Crawled caption data
───

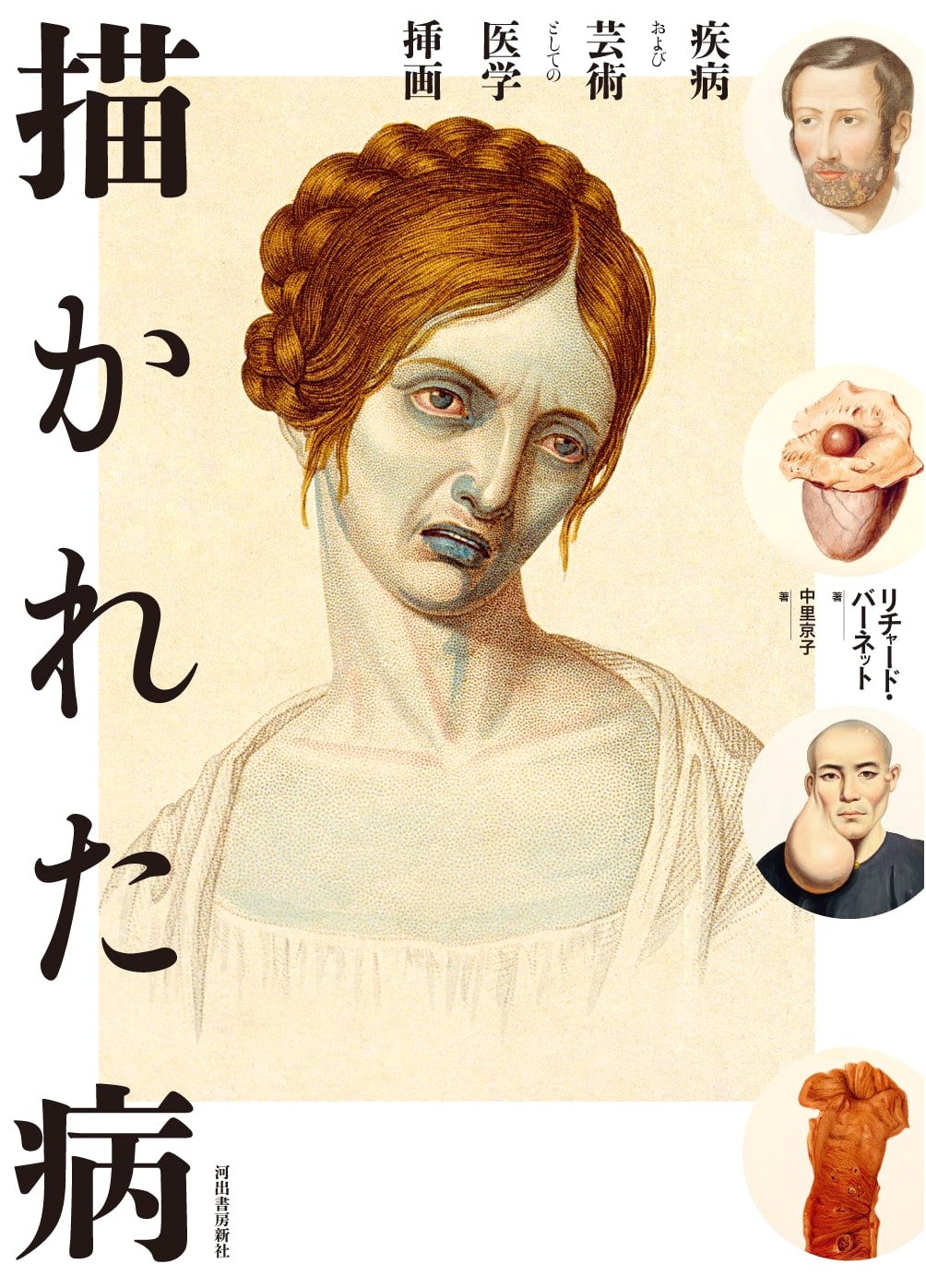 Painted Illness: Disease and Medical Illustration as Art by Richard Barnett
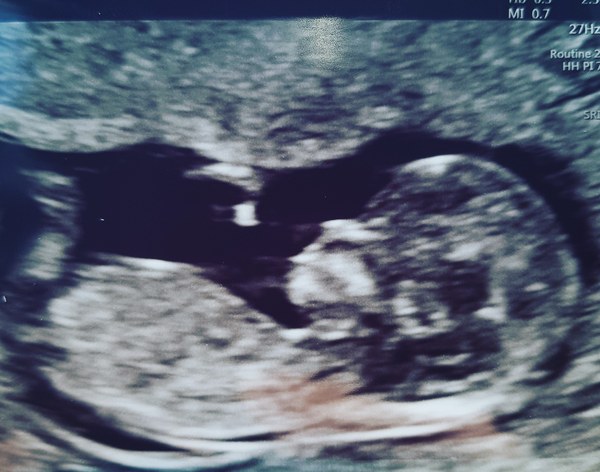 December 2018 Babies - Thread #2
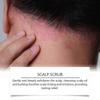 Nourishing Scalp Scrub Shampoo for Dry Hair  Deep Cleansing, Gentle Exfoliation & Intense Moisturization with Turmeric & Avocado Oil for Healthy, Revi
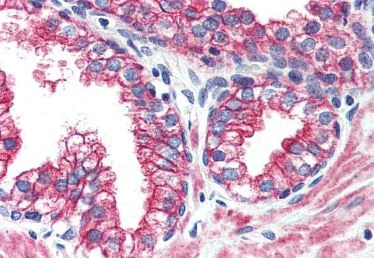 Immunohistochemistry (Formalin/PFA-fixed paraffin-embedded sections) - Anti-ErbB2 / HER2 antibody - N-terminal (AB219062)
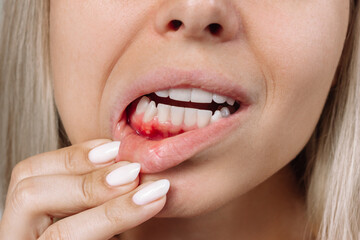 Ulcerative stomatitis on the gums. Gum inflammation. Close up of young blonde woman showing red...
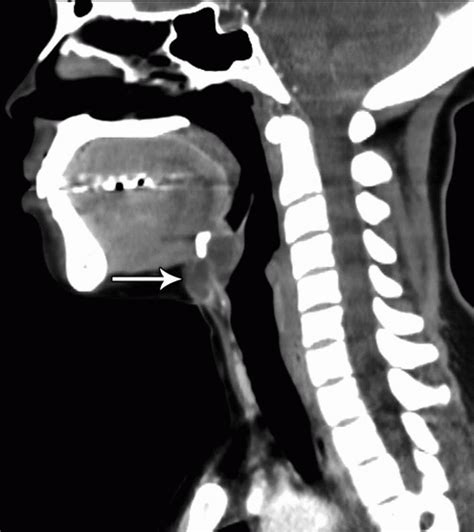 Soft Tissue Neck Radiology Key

───

* [Exercise prompt]
When you copy the entries above, reproduce each line exactly and leave out any pictures.

* [Result]
 Painted Illness: Disease and Medical Illustration as Art by Richard Barnett
 December 2018 Babies - Thread #2
 Nourishing Scalp Scrub Shampoo for Dry Hair  Deep Cleansing, Gentle Exfoliation & Intense Moisturization with Turmeric & Avocado Oil for Healthy, Revi
 Immunohistochemistry (Formalin/PFA-fixed paraffin-embedded sections) - Anti-ErbB2 / HER2 antibody - N-terminal (AB219062)
 Ulcerative stomatitis on the gums. Gum inflammation. Close up of young blonde woman showing red...
 Soft Tissue Neck Radiology Key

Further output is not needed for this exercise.